◆ **Task goal**
Since the listing below shows pictures, leave them out and write out exactly the lines from the line with "Women with guitar" to the line with "May include: A", both included, and no others.

◆ **Extracted data**
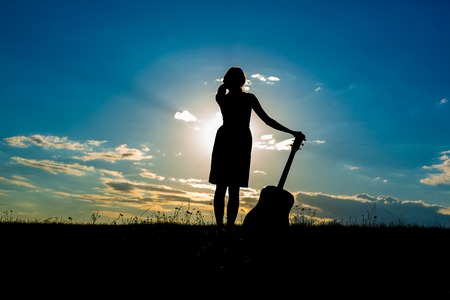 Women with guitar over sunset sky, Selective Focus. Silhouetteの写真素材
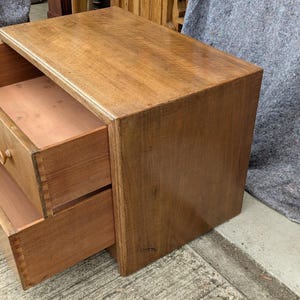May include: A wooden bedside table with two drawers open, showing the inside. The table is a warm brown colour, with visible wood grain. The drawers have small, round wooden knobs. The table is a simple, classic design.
...
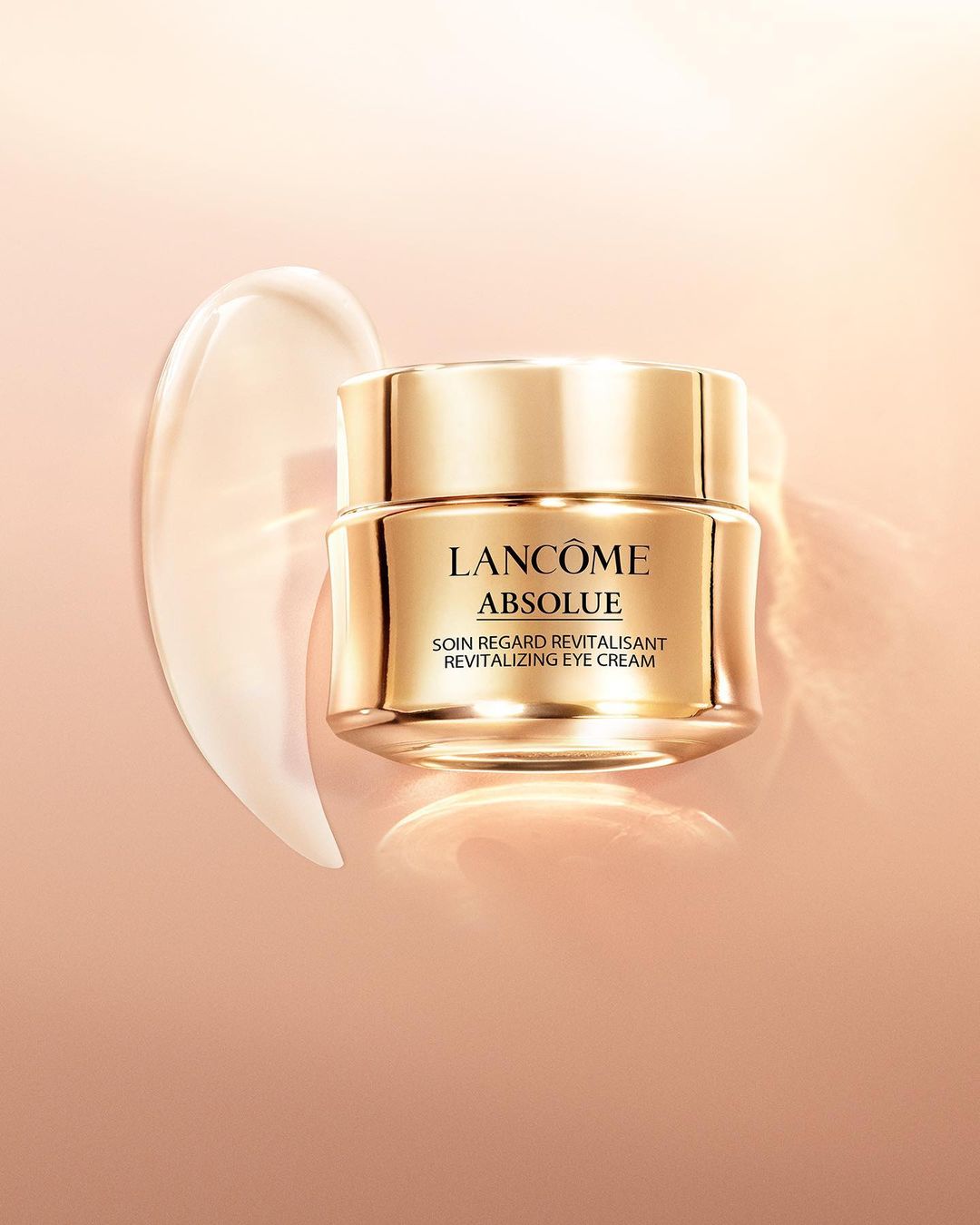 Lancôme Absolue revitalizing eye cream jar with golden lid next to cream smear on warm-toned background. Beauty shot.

◆ **Task answer**
 Women with guitar over sunset sky, Selective Focus. Silhouetteの写真素材
May include: A wooden bedside table with two drawers open, showing the inside. The table is a warm brown colour, with visible wood grain. The drawers have small, round wooden knobs. The table is a simple, classic design.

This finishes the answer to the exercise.